29. In December 2010 the Council agreed to rescind, without penalty, the missives it signed with Deveron Homes Ltd over the development of the Sandown Lands after the company failed to get planning permission for a major housing development. As a result, the valuer has revalued the asset downwards from £15 million to £10 million. In the current economic climate the sale of this land is no longer certain, therefore the ability of Nairn common good to repay the outstanding liability is questionable in the short term. "
This observer would point to Forres where the citizens get a vote before any major development on Common Good Land, here we weren't asked. Thus the whole Sandown fiasco was a Highland Council adventure and they should pay the debt not the Nairn Common Good Fund. But that is just this humble citzen's opinion. We also have a debt for the Community Centre. That's about £2 million isn't it? How many other towns across Highland had to pay for their own community centre? Were we thrust into the Big Society long before the term had passed a politician's lips? Answers on a postcard please?
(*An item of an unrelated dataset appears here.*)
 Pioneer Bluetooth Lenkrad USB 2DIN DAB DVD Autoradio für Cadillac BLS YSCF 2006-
There was comparison at the meeting between the competent way the Inverness Common Good Fund is run and the way in the past that ours had been handled. Brian Stewart said:
" I think there is quite a feeling in town that, as we all know Nairn has a fairly substantial asset in the Common Good much of it fixed as capital, land and property and so on. After the meetings we had before the most recent elections with council officials, they were adamant that management of Nairn's common good fund should remain with the totality of Highland Council and council officials. In other words there was very strong reluctance to devolve or delegate any of the responsibility for policy making, of management of Nairn's Common Good downwards from Highland Council as such and that's all recorded and enshrined in policy documents the council has approved. I think the feeling that with a lot of us who are interested in the subject, in a way we've got common ground on this one Michael, is that there is a sense that in many ways, unlike the Inverness Common Good, which is very pro-actively managed and there are vigorous efforts by the committee to invest, generate income, look at ways of productively generating income. There's a feeling that for an awfully long time there's been much less of a pro-active approach to how Nairn's Common Good is managed. It's been very passive."
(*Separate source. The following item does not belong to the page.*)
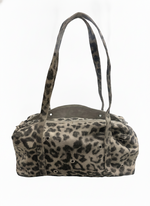 LONG HANDLES LEOPARD PRINT BAG WITH GROMMETS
Colin said: "We've been subsumed into a different local authority, there's not anything mischievous or misleading. There's a history there of management that could have been better. Rest assured that Liz and I will do our damnedest to make sure..." Colin was then cut off by an interjection from a westie but gurnites will get his drift. He continued a minute or two later however,"I think there might have been opportunities, if you go back 40 years, 80 years, there's been previous councils in Nairn that could have done and didn't do and that's just the reality of where we are at. Whereas our friends further West managed their resource somewhat better."
Colin is right of course and this observer is certain that our voices will be heard better now that Liz and Colin are part of the Glenurquhart Road administration. We could look back and detail past mistakes but with Sandown we are literally still just looking over our shoulders at a more recent debacle.
Update: Liz tells the Gurn: Michael received the information from the Audit report which I shared with all Nairn members. There will be a report on this going to Highland Council on December 13th."